Einen Schritt weiter geht Google nun damit, dass konkrete Suchziele gleich eingeblendet werden. Gibt man die ersten Zeichen einer Band/Musikers ein, erscheint neben den „normalen“ Suggestion-Vorschlägen auch gleich der Link zum Wikipedia-Artikel, zum Download des neuesten Albums oder zum Durchsuchen des Mobilgerätes selbst.
3. Hummingbird-Update:
Google-mobile-Suche-EiffelturmDas (Hummingbird) Kobilbri-Update, dass Google seit kurzem in den Algorithmus mit einfließen lässt, betrifft ca. 90% aller Suchanfragen.
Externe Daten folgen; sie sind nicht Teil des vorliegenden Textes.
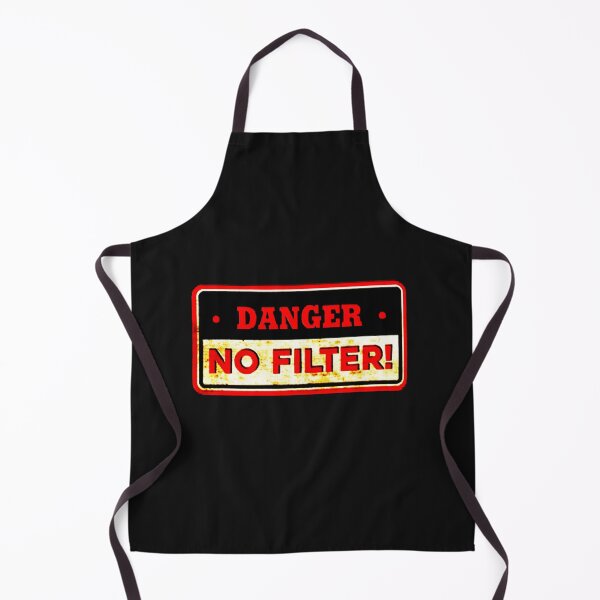 Item preview, Danger No Filter, Sarcastic designed and sold by xtrmdx.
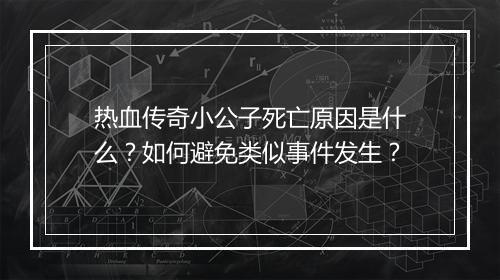 热血传奇小公子死亡原因是什么？如何避免类似事件发生？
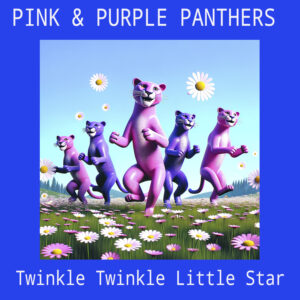 PINK & PURPLE PANTHERS "Twinkle Twinkle Little Star"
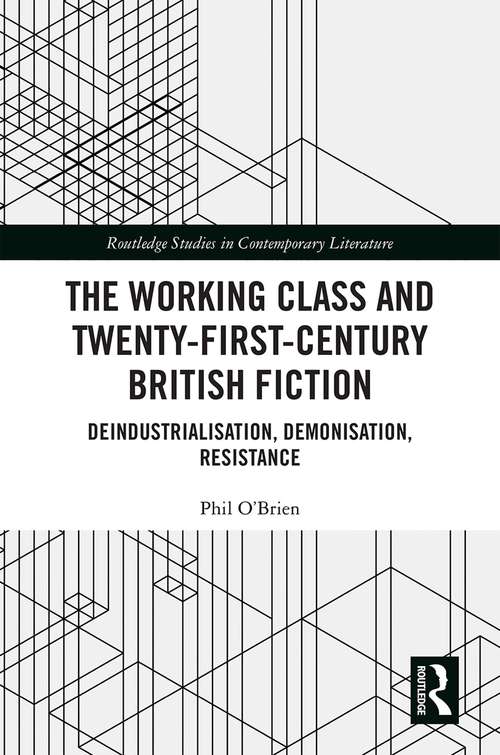 Book cover of The Working Class and Twenty-First-Century British Fiction: Deindustrialisation, Demonisation, Resistance (Routledge Studies in Contemporary Literature)
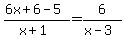 %286x%2B6-5%29%2F%28x%2B1%29++=++6%2F%28x-3%29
Google versteht nun ganze Sätze und Fragen besser und kann den semantischen Zusammenhang der Suchanfrage besser verstehen. Das ist natürlich auch ein großer Vorteil, der für die Spracheingabe genutzt werden kann.

Wenn Google nun die Frage des Nutzers versteht, kann auch gleich die passende Antwort angezeigt werden. Beispiel: „Wie hoch ist der Eiffelturm?“ -> Antwort Google (ohne die Suchergebnisseiten verlassen zu müssen): 324m.

Weil Google sowohl die Semantik der Suchanfrage als auch die Semantik auf der Quell-Webseite Wikipedia.org versteht und direkt zusammenführen kann.
4. Location-based Services:
Google nutzt vor Ausführung einer mobilen Suche den Standort des Nutzers und kann ihm so gleich relevante Orts-Ergebnisse anzeigen. Klassische Beispiele sind: „Kino“ oder „Wetter“.

Bei diesem Suchbegriffen wird nicht etwa eine Suchergebnisliste mit den besten Kino-Vergleichen oder tollsten Wetter-Websites angezeigt, sondern gleich das nächstgelegene Kino inkl. aktuellem Programm und Eintrittspreis. Auch das Wetter nebst Vorhersage für den aktuellen Ort wird zurückgegeben.
5. Apps:
Manche sagen, Apps sind der große Konkurrent von Suchaufträgen, andere sagen, sie sind eine Ergänzung. Wie auch immer, durch immer mehr und bessere Apps werden viele Suchanfragen überflüssig. Man findet die Lösung ja schließlich in der schicken App eine Klick weiter.

Was denkt Ihr? Wo geht der Weg der Suchergebnislisten hin? Sind wir (bzw. Google) vor allem in der mobilen Suche bald soweit und brauchen gar keine Ergebnislisten mehr?